Start of Block

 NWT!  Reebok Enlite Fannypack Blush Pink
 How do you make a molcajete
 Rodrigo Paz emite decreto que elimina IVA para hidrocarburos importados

End of Block

## [Description of the task]
Everything from the line containing "How do you make a molcajete" to the end of the listing above must be returned exactly. Both end lines belong in it.

## [Answer for the task]
 How do you make a molcajete
 Rodrigo Paz emite decreto que elimina IVA para hidrocarburos importados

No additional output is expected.